Because everything is represented in bits, global agreed-upon standards are needed for representing letters and characters.

Ex: 65 in decimal is equal to the letter A; or 01000001 = A

Question: How does the computer know when we mean 65 or A?

We determine the context with things like prefixes and file formats.

Problem: ASCII is quite US-centric

Solution: more global standards (see: Unicode)

Measuring Bits

Suppose we send the message: 72 73 33 ("HI!")

Suppose each char is represented with 8 bits, that’s 24 bits to send one message

However, bits are pretty small (physically and mathematically), so we don’t usually measure things in bits

Byte: 8 bits
- The biggest number we can store in a byte is 255 (11111111)

Unicode

256 different unique values for a byte works for English ASCII, but other global standards are needed to support other languages and things like emojis.

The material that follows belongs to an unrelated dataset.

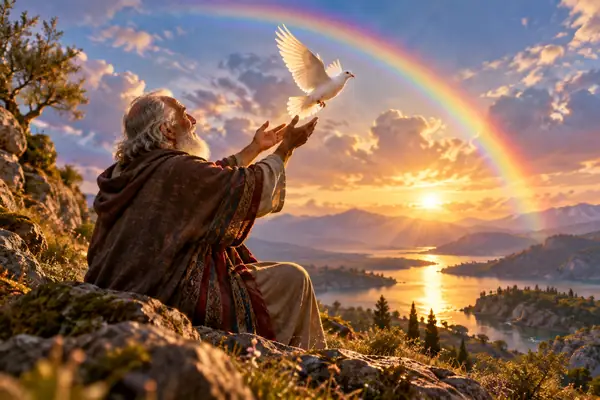 Ein älterer Geschichtenerzähler lässt in einer ruhigen, malerischen Szene unter einem leuchtenden Regenbogen eine weiße Taube frei.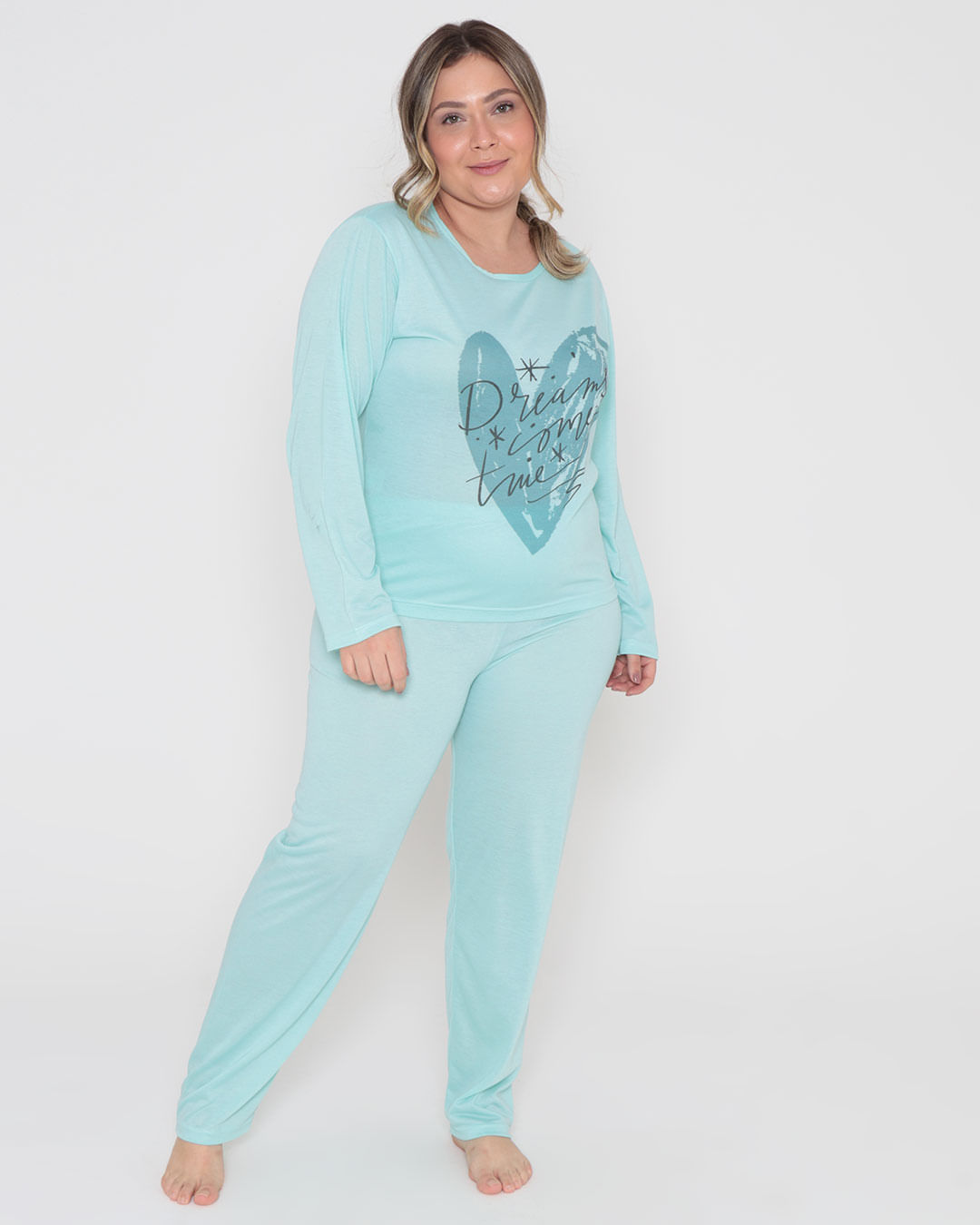 Pijama-Feminino-Longo-Estampa-Dreams-Verde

One solution is unicode.

Unicode: Superset of ASCII that supports a wider variety of characters. Supports 8-bit ASCII for backwards compatibility and 16-bits for >65,000 characters and 32-bits for >4 billion characters.
- Unicode standardizes the description of characters. Manufacturers and companies and font creators and users determine how those characters are displayed.
  - Can lead to miscommunication (e.g., gun vs water gun for the same emoji)